Eine Beschwerde gegen die Nichtzuerkennung des Status als Asylberechtigter wurde mit Erkenntnis des Bundesverwaltungsgerichtes vom 15.05.2017 hinsichtlich der Spruchpunkt I. als unbegründet abgewiesen und erwuchs am 23.05.2017 in Rechtskraft.
Der Beschwerdeführer brachte fristgerecht am 02.12.2016 einen Antrag auf Verlängerung der befristeten Aufenthaltsberechtigung ein, woraufhin seine befristete Aufenthaltsberechtigung bis zum 05.02.2019 verlängert wurde.
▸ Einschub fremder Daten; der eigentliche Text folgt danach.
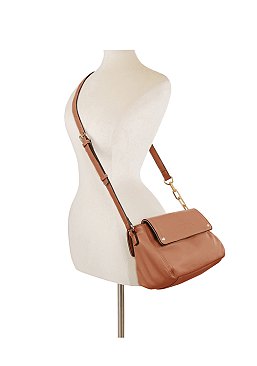 Fashion Flap Crossbody Bag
Ein Antrag auf Verlängerung des subsidiären Schutzes wurde am 07.01.2019 gestellt und dieser mit dem gegenständlichen Bescheid abgewiesen und der Status des subsidiär Schutzberechtigten aberkannt.
In Österreich ist der Beschwerdeführer unbescholten. Er ist unselbstständig erwerbstätig und bezieht keine Leistungen aus der Grundversorgung. Er besuchte Deutschkurse und nahm an einem Werte- und Orientierungskurs teil und war. Während seines Aufenthaltes war der Beschwerdeführer teilweise erwerbstätig.
Unter Berücksichtigung der individuellen Situation des Beschwerdeführers und der Sicherheits- und Versorgungslage in Afghanistan, insbesondere in der Herkunftsprovinz Daikundi sowie in den Städten Kabul, Mazar-e Sharif und Herat, wird festgestellt, dass sich die Umstände, die zur Gewährung subsidiären Schutzes geführt haben, seit der Zuerkennung des Status des subsidiär Schutzberechtigten mit Bescheid des Bundesamtes für Fremdenwesen und Asyl vom 05.02.2016 nicht wesentlich und nachhaltig verändert haben.
Unter Berücksichtigung der individuellen Situation des Beschwerdeführers und der Sicherheits- und Versorgungslage in Afghanistan, insbesondere in der Herkunftsprovinz Daikundi sowie in den Städten Kabul, Mazar-e Sharif und Herat, wird festgestellt, dass sich die Umstände, die zur Gewährung subsidiären Schutzes geführt haben, seit der Verlängerung der Zuerkennung des Status des subsidiär Schutzberechtigten mit Bescheid des Bundesamtes für Fremdenwesen und Asyl vom 02.12.2016 nicht verändert haben.
1.2. Zum Herkunftsstaat:
Das BVwG trifft folgende Feststellungen zur Lage im Herkunftsstaat unter Auszug aus dem Länderinformationsblatt.
Politische Lage
Afghanistan ist ein Zentralstaat mit 34 Provinzen, die in Distrikte gegliedert sind (AA 15.4.2019). Auf einer Fläche von ca. 632.000 Quadratkilometern (CIA 24.5.2019) leben ca. 32 Millionen Menschen (CSO 2019).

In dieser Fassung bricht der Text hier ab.